Sighs of relief echoed from Wall Street to Capitol Hill as the White House and Republicans in Congress reached a deal on the debt ceiling just in the nick of time. What the op-ed writers and readers didn’t get a chance to learn, however, is that the debt ceiling crisis is a huge scam.
The facts: the deal sacrifices the food security of hungry Americans and any hope of peace in Ukraine in return for a two year extension of the ceiling. The ceiling has worked exactly as planned: Democrats get to point to impending economic catastrophe as an alibi for their continued gutting of the welfare state, making cuts that would get Republicans crucified.
Democrats in turn don’t have to worry about any big problems in their primaries -- they stood up to those crazy Republicans that almost blew up the economy with the debt ceiling! But the alleged catastrophe behind the ceiling -- a default on U.S. sovereign debt -- is also a hoax.

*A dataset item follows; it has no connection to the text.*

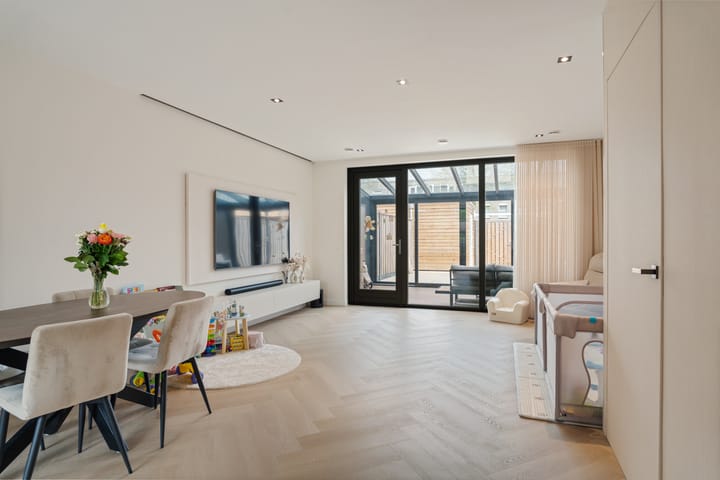 Tussenwoning te koop: Hugo de Grootlaan 26, Zoetermeer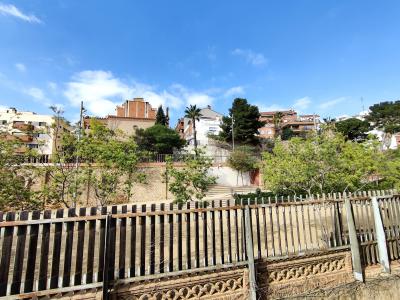Coqueto ático de 2 habitaciones en Gràcia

Keep in mind: mega investors really do not want that to happen, and they get to decide whether it really happened or not.
Lots of folks have written about the prospect of the Treasury issuing a coin to cover the costs of debt service, but even if the Biden Administration or some other Democratic president** declined to mint such a coin, would Wall Street really consider this a default? The consequence would be blowing up the bedrock collateral of the global financial system, U.S. Treasury bonds. But if instead they said it wasn’t REALLY a default, since the U.S. is good for the money, just some pesky political hiccups have delayed payment, they could avoid voluntarily destroying the value of almost all of their investments.
It wouldn’t be consequence-free, of course, but the notion that capital will knee-cap itself out of principle when it could simply define the problem away seems very unlikely. In 1998, Russia froze payment of foreign debts for over a year, but creditors simply extended maturities. Last year, however, when sanctions forbade Russia from accessing the capital markets needed to service its debt, that was its “first default in over a century” -- 1998 didn’t count.
The difference: the powers-that-be and their bankers had a political and financial interest in one being defined as a default, and one being forgiven. If they extend such leeway to Russia, how much more can the United States get away with?
Chances are we’ll never know. A system is what it does, and the debt ceiling system sets up a ticking time bomb every few years that can only be defused by screwing over working people. It lets Washington do what it wants to do anyways and the amorphous threat behind it lets politicians pretend like their hands are tied. Meanwhile the Post and Times editors know that the only times their readers miss a meal is when they get into intermittent fasting -- it’s all upside for their class.
**Note that Democrats never use this leverage to force the GOP to restore past cuts…
Disclaimer
Our only investment advice: Original Hadestown is the best Hadestown.